3077 — Extracting Time Concepts from Electronic Health Records: A Prerequisite for Surveillance of Medical Events across Time
Reeves RM (Tennesse Valley Healthcare System), Ong FR
(Vanderbilt University Medical Center), Gobbel GT
(Tennesse Valley Healthcare System), Montella D
(Tennesse Valley Healthcare System), Matheny ME
(Tennesse Valley Healthcare System), Brown SH
(VHA Office of Health Information), Speroff T
(Tennesse Valley Healthcare System)
Many research and quality improvement initiatives depend on expensive, time-consuming chart abstraction for establishing when, how long, and in what sequence medically relevant events occur. Our goal was to develop an automated natural language processing (NLP) tool for capturing time information in medical narratives, and to subsequently evaluate the accuracy of automated time classification within clinical documents.
The data were 100 clinical records of hospitalized patients. We developed Med-TTK for extracting time information in medical records as an adaptation of TARSQI Tool Kit (TTK), an open source NLP application. TTK’s rule-based approach structures temporal information in expressions it identifies via four classes:
time (10:23 p.m.; in 4 hours);
date (December 21, 2004; two months ago);
duration (for 12 minutes; over a period of 8 years); and
set (every four hours; B.I.D.; Monday, Wednesday and Friday).
Temporal terminology and formatting modifications were implemented within Med-TTK to optimize performance among medical documents. Each document underwent independent review by two annotators with disagreements resolved by a referee.
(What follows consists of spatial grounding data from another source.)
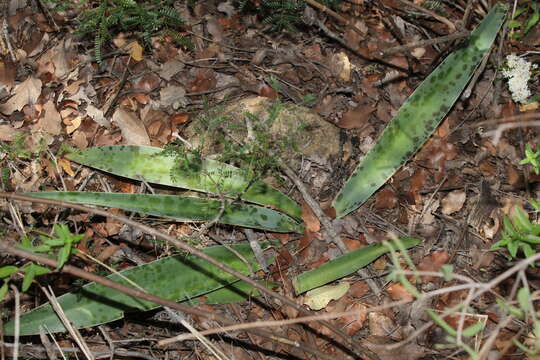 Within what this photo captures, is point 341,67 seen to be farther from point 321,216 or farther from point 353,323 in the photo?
point 353,323

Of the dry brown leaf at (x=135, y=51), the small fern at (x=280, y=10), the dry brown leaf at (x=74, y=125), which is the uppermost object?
the small fern at (x=280, y=10)

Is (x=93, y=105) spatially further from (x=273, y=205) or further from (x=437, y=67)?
(x=437, y=67)

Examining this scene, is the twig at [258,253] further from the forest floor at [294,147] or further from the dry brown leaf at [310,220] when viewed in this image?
the dry brown leaf at [310,220]

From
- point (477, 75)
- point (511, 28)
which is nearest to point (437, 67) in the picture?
point (477, 75)

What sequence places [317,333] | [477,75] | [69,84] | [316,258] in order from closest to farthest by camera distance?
[317,333], [316,258], [477,75], [69,84]

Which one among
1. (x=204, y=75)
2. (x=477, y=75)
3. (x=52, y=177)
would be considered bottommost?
(x=52, y=177)

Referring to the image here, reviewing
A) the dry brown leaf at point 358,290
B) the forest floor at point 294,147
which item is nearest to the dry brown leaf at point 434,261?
the forest floor at point 294,147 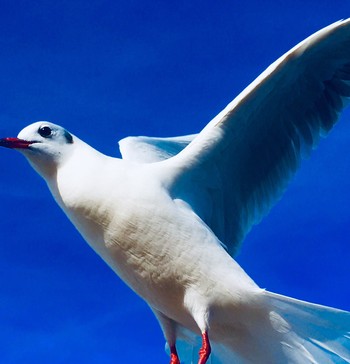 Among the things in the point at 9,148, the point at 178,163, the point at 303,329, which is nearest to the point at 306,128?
the point at 178,163

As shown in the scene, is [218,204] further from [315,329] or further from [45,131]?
[45,131]

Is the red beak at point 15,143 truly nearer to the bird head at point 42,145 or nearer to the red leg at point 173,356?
the bird head at point 42,145

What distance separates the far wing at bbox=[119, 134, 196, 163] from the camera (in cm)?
555

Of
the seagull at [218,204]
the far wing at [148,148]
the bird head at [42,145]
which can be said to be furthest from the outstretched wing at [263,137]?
the far wing at [148,148]

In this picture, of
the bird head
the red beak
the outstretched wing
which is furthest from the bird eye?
the outstretched wing

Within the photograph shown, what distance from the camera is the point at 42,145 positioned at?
181 inches

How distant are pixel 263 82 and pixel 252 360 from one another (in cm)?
166

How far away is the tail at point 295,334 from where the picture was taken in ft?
13.9

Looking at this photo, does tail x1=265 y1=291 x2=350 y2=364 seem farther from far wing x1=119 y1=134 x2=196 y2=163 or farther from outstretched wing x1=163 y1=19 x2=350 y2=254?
far wing x1=119 y1=134 x2=196 y2=163

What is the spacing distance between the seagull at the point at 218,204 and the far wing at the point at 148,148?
0.78 meters

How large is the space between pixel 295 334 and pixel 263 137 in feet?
4.40

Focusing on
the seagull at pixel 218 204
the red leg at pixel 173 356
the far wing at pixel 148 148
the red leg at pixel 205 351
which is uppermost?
the far wing at pixel 148 148

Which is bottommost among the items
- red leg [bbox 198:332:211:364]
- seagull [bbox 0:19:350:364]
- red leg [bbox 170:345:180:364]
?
red leg [bbox 198:332:211:364]

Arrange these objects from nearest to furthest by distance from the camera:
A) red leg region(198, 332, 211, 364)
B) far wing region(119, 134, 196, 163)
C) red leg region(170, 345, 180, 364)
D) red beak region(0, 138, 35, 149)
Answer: red leg region(198, 332, 211, 364), red beak region(0, 138, 35, 149), red leg region(170, 345, 180, 364), far wing region(119, 134, 196, 163) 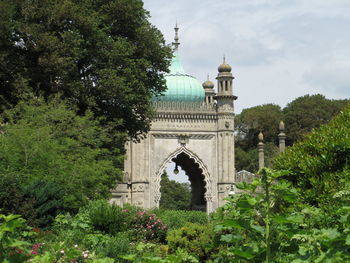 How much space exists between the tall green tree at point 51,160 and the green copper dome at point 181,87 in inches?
865

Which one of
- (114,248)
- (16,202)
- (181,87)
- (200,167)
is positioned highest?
(181,87)

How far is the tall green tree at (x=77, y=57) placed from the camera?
82.5 ft

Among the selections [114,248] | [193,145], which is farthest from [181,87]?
[114,248]

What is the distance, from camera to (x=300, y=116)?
64500mm

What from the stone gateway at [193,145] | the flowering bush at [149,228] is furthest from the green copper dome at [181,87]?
the flowering bush at [149,228]

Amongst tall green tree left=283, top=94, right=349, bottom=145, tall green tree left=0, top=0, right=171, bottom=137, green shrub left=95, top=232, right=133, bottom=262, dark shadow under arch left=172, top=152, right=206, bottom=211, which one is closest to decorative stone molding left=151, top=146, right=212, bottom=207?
dark shadow under arch left=172, top=152, right=206, bottom=211

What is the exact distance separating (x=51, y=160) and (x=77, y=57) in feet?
19.1

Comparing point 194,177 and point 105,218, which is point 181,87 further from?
point 105,218

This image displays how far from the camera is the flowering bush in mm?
20109

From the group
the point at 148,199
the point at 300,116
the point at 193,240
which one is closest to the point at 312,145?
the point at 193,240

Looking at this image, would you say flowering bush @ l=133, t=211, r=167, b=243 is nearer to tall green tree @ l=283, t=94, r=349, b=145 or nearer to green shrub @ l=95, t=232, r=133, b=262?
green shrub @ l=95, t=232, r=133, b=262

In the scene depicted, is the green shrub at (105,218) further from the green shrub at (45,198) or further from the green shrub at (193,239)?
the green shrub at (193,239)

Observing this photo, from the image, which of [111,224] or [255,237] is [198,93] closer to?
[111,224]

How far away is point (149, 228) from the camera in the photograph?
20.2m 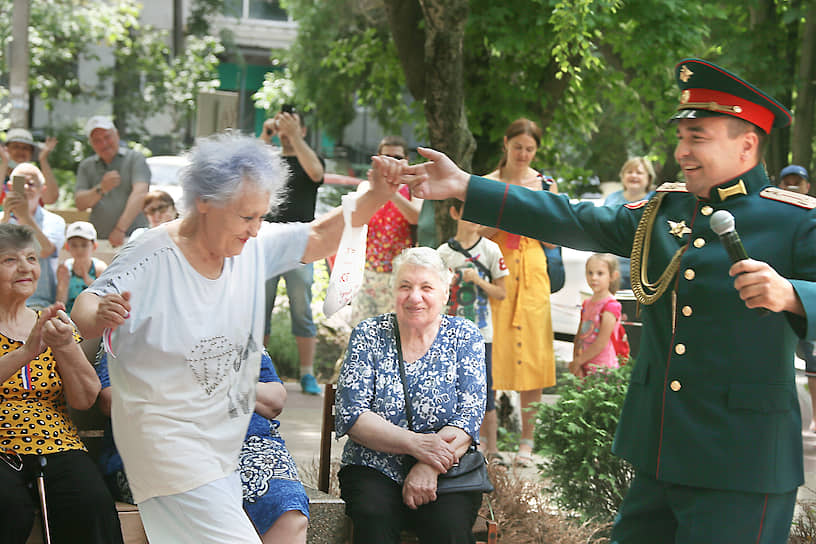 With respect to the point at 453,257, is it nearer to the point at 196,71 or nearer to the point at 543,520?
the point at 543,520

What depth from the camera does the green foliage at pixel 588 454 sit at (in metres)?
4.82

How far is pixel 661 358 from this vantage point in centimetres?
295

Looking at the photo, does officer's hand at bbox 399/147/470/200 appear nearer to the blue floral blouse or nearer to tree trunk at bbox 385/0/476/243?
the blue floral blouse

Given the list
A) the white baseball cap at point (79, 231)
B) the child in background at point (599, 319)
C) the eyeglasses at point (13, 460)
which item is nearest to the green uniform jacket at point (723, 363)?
the eyeglasses at point (13, 460)

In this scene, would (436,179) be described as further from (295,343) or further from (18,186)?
(295,343)

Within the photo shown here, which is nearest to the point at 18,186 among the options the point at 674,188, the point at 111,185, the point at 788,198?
the point at 111,185

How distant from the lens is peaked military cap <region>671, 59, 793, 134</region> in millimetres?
2824

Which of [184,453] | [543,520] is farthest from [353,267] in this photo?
[543,520]

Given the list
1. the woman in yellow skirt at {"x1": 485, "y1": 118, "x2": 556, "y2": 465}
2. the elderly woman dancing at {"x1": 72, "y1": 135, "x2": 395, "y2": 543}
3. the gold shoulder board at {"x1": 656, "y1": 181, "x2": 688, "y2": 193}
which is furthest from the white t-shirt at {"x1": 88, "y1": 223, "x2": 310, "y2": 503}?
the woman in yellow skirt at {"x1": 485, "y1": 118, "x2": 556, "y2": 465}

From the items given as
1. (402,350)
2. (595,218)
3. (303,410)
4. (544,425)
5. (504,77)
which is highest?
(504,77)

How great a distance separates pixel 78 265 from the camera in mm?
6617

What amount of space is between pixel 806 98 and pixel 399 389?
9.33m

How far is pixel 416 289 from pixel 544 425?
143 cm

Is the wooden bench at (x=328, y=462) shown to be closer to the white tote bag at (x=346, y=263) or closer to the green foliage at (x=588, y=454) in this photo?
the green foliage at (x=588, y=454) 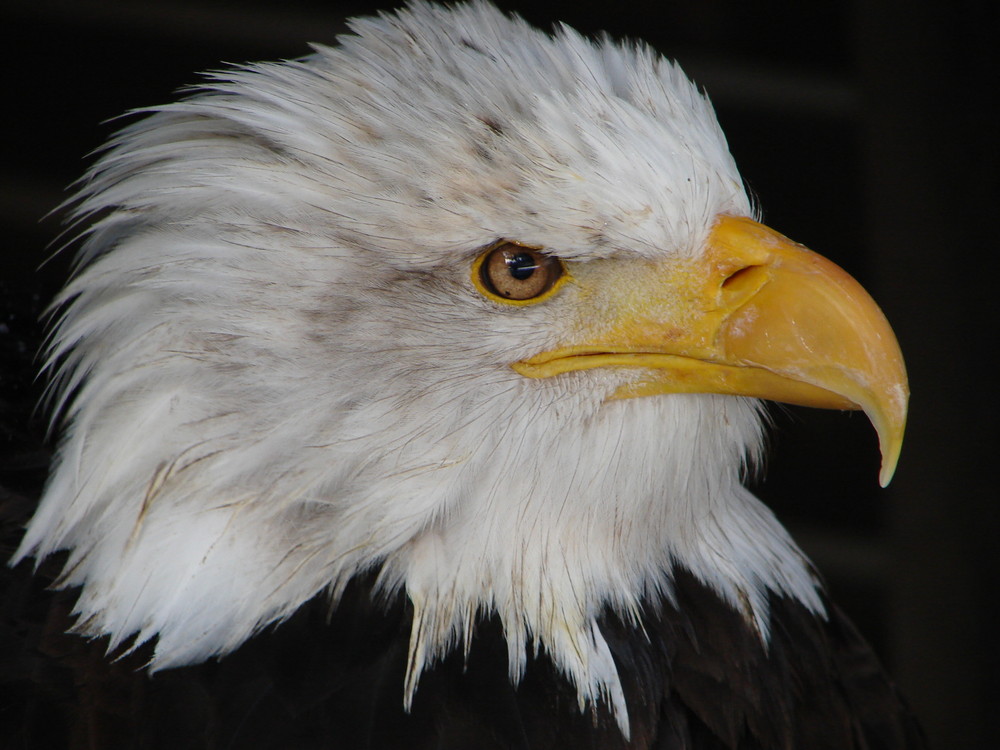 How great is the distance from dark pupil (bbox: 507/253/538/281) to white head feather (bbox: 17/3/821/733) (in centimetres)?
3

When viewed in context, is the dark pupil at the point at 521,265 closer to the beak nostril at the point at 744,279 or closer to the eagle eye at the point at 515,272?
the eagle eye at the point at 515,272

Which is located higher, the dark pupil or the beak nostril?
the beak nostril

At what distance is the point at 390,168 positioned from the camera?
1600 millimetres

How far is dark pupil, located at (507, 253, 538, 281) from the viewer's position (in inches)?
63.1

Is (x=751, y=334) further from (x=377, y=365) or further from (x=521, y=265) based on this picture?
(x=377, y=365)

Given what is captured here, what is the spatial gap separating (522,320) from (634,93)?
393 millimetres

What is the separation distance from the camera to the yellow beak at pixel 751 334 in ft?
5.10

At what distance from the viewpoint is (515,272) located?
1605 mm

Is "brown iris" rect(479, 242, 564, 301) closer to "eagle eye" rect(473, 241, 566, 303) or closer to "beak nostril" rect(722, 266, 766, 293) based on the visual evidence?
"eagle eye" rect(473, 241, 566, 303)

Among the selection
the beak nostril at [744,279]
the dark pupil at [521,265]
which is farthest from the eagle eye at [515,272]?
the beak nostril at [744,279]

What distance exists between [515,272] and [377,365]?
9.6 inches

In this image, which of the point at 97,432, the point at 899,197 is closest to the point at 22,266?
the point at 97,432

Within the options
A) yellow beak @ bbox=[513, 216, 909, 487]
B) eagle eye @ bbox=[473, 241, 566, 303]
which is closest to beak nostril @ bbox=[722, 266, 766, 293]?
yellow beak @ bbox=[513, 216, 909, 487]

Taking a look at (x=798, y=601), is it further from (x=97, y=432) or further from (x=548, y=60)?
(x=97, y=432) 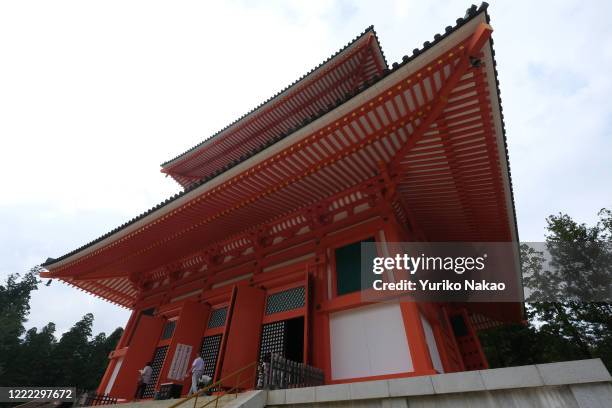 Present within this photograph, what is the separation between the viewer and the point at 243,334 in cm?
732

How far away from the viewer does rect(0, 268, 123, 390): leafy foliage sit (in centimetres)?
3450

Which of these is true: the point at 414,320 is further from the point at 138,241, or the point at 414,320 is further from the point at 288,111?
the point at 288,111

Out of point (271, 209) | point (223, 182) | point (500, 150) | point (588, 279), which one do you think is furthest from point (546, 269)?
point (223, 182)

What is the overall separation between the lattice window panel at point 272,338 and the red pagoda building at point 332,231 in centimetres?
4

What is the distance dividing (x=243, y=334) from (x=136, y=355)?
4210 mm

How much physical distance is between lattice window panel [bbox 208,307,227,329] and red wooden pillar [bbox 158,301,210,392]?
145mm

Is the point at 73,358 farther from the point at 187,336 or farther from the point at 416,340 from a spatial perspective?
the point at 416,340

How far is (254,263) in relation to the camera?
909 cm

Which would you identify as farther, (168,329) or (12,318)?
(12,318)

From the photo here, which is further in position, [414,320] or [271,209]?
[271,209]

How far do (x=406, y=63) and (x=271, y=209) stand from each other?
477 centimetres

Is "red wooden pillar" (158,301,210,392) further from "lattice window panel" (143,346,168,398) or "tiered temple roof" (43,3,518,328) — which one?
"tiered temple roof" (43,3,518,328)

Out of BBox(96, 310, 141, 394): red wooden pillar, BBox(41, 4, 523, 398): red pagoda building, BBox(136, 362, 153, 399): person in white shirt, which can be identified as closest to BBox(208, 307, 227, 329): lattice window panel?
BBox(41, 4, 523, 398): red pagoda building

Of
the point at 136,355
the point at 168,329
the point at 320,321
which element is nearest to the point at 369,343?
the point at 320,321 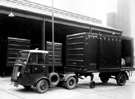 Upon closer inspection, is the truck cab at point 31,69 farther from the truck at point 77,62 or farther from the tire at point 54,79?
the tire at point 54,79

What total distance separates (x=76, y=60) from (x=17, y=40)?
7.28m

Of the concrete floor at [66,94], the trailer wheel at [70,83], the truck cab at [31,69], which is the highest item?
the truck cab at [31,69]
Performance was measured by comparing the adjudicated gold standard to the TTK and Med-TTK classifications to yield precision (positive predictive value) and recall (sensitivity).
Recognized time expressions in the documents numbered 1581, 3275, and 3213 for TTK, Med-TTK, and the gold standard, respectively. TTK had a precision of 0.26 (95%CI 0.24, 0.29) and recall of 0.13 (CI 0.12, 0.14). Med-TTK had a precision of 0.82 (CI 0.81, 0.83) and recall and 0.84 (CI 0.82, 0.85). Med-TTK's performances by class were: time: precision 0.91, recall 0.91; date: precision 0.77, recall 0.91; duration: precision 0.77, recall 0.67; and set: precision 0.87, recall 0.83.
We achieved significant improvement from TTK, which was developed to capture time in news articles, to the medically customized Med-TTK. The high accuracy in recognition and classification of time expressions by the enhanced Med-TTK positions it to provide accurate and meaningful time-stamps to the medical events in the electronic health record.
Natural language processing applications provide an avenue for meaningful longitudinal mapping of patient history elements among electronic health records. This informatics research highlights a tool that could be used for initiating electronic surveillance of medical events across time.